At the end of the day, you just have to remind her that family is what is there. No one else has seen her through it all. That’s why siblings are so wonderful – we have always been there. Maybe you can make a photo book with photos from their childhood to remind them what it means to have a sister.
Post # 15
Your older daughter sounds like a mean jealous unhappy person. Sorry. She’s acting like a child and by you letting her get away with it, you’re only making it worse. You need to tell her to get over herself and start acting like a mother/adult, not a baby.
Post # 16
It sounds like you really care deeply for your daughters. Sorry to hear that you are experiencing these issues! In my opinion, OS needs to grow up and start acting like the OLDER sister. This is understandably much easier said than done. I am the oldest of three and I can say from firsthand experience that oldest children can be extremely spoiled and difficult at times.

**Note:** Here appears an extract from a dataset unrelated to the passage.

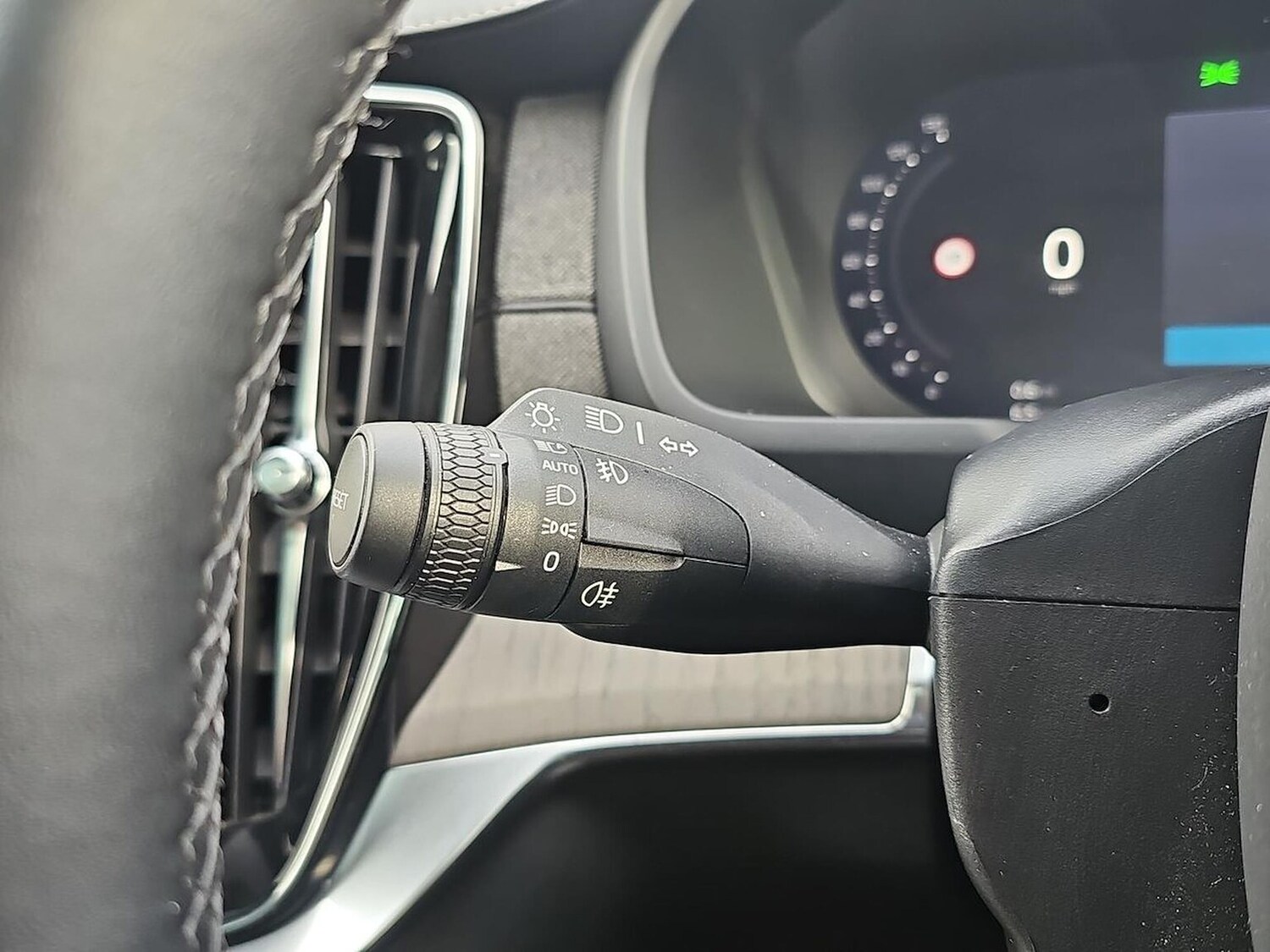 Used Volvo XC90 2025 for sale - 78191374: Photo 30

I had a few fits in my day and blamed my parents for coddling my youngest brother (the baby of the family). My mom was very understanding to my concerns, didn’t disregard my feelings, but always re-enforced that I was the oldest and therefore should act accordingly. Eventually I came around because I realized that I loved my siblings dearly and embraced my role as the oldest child. This takes time. I’m not sure that anything can be done before wedding time.
One possible approach: Tell OS she needs to grow up, etc. and leave it at that. Continuing to talk and commiserate with OS only keeps her spoiled and in control of everything. I always know I’m out of line with my mom when she says her piece and leaves me alone. I’m forced to think and reflect on my behavior. Try doing the same with your older daugher. Might help, might not.